Nothing

★★★
theatre review (edinburgh) | Read in About 2 minutes
33331 large
102793 original
Published 10 Aug 2014

The audience of Nothing could be forgiven for thinking they have wandered in on a meeting of Nihilists Anonymous. Existential angst seeps through the play like the smell of unwashed socks in student halls. Unsurprisingly it began life at a university and earlier this year won four awards in the National Student Drama festival.

A man steals simply because he can; a woman slakes her anger by defecating on doorsteps; another sees a leg which has just been hacked off at the thigh, yet feels – nothing. Constructed out of eight monologues which explore the anomie of the young and middle-class, Nothing contains no conversation, just intercutting and overlapping lines. This, then, is disconnection – in form as much as in theme.

Extraordinarily the parts are not fixed. It is mere chance as to which actor performs which monologue, and a matter of improvisation how and when they speak. This gives Lulu Raczka's writing, already vivid, extra immediacy. It is credit to the quality of acting that the commitment to character is never compromised.

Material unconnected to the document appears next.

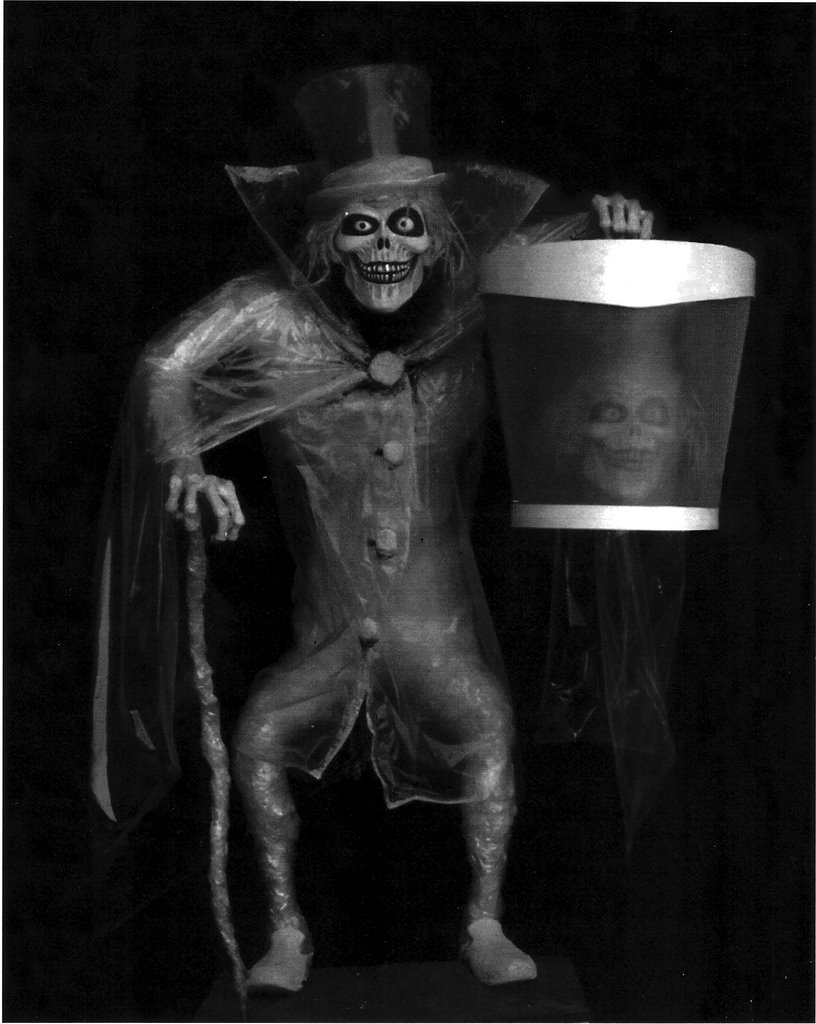The Hatbox Ghost Haunted Mansion Disney Spooky Halloween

The problem with a play about nothingness is that it can provide a narrative excuse for lazy drama. No plot, no cohesion, no engagement with the world – fine, that's the point, it all adds to the Camus-like disaffection. Don't care about the characters? That's ok, it's a play about alienation. Except it's not ok. The almost epidemic levels of mental illness, depression, and anxiety disorders among today's young deserves a response that forces people to care.